Due to time limitations, this proposal could not be implemented but it was presented to senior
management leading to the decision to initiate a project to implement in the near future. Also, it
was pointed out that the same problems with high levels of inventory exist for all products from
35
the preassembly. Priority to change is for large products with high cost as it will have the greatest
impact on floor space and tied up capital where the rear seat frame structure is top priority.
Furthermore, it was proposed to use reusable packaging for bulky incoming material such as
metal frames and trim. Today these materials are being shipped in disposable cardboard pallets
and boxes. Logistics personnel spend roughly 50% of their time unpacking and the rest of the
time is spent on handling the scarp cardboard and pallets. This scrap is later handled by five
additional workers who break them down further and load it onto trucks for recycling. It was
pointed out that depending on the investment cost for reusable pallets and taken into account
future increase in demand that cost reductions can be made by reducing personnel and cost of
disposable packaging. Also the investment cost for reusable pallets would lie on Volvo and not
JCI. JCI would only see benefits in reduced work for handling scrap. The proposal was pitched
in a JCI-Volvo cost reduction workshop and the outcome was the initiation of a project to
implement.
36
5 DISCUSSION
5.1 START-UP PERFORMANCE
The results indeed showed the startup followed a learning curve (inverted) with regards to output.

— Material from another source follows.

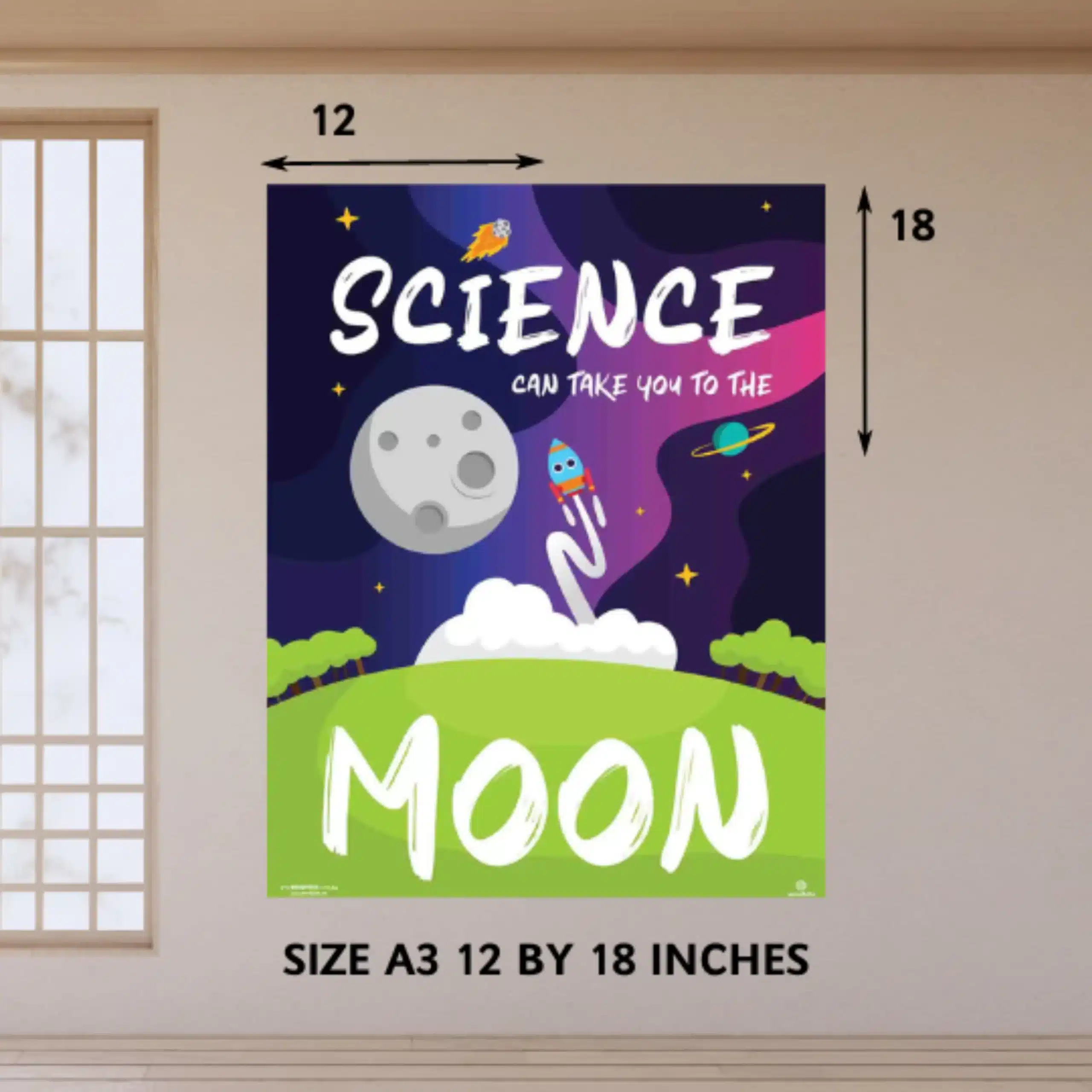 Science can take you to the moon- Motivational Quotes (12x18 Inches, Portrait)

This result is consistent with those of other authors (Baloff 1963, Almgren 1999). Here, case
studies of different automotive industries showed a clear learning curve with only differences in
slopes of the learning curve (i.e. different times for ramp-up to volume). In accordance with
other research, the results here also showed that more complex startups are more resource
demanding (time and cost). The time to volume was longer for L421 than for K413, as expected
since the L421 startup was more complex. This was due to the novelty of the product and
production system was greater for L421. For K413, the production system was known and the
product similar to L421. One important aspect that needs to be noted about the capacity
performance in the startup is that JCI could produce according to customer demand already after
six weeks (i.e. no overtime that was not planned by Volvo). The ramp-up that can be observed in
figure 8 is following the demand from Volvo. As JCI is JIT first-tier supplier for a Volvo,
capacity is crucial since a failure in delivery would stop Volvo’s production, leading to Volvo
imposing a substantial fine on JCI. Capacity performance was therefore crucial during the start-
up and through interviews, senior managers expressed that the whole organization was highly
involved, working concurrently and effectively to allow the success with the start-up with
regards to capacity.
Quality performance also showed an inverted learning curve both with regards to quality
conformance and the number of rejected parts. Also here a learning curve could be observed
during the startup of K413 but with a more rapid time to acceptable quality. However, the extra
cost of quality for the startup was high and is still costly at the time of the research. Extra
personnel were hired to man the EPC area where checking and corrective measures were taken.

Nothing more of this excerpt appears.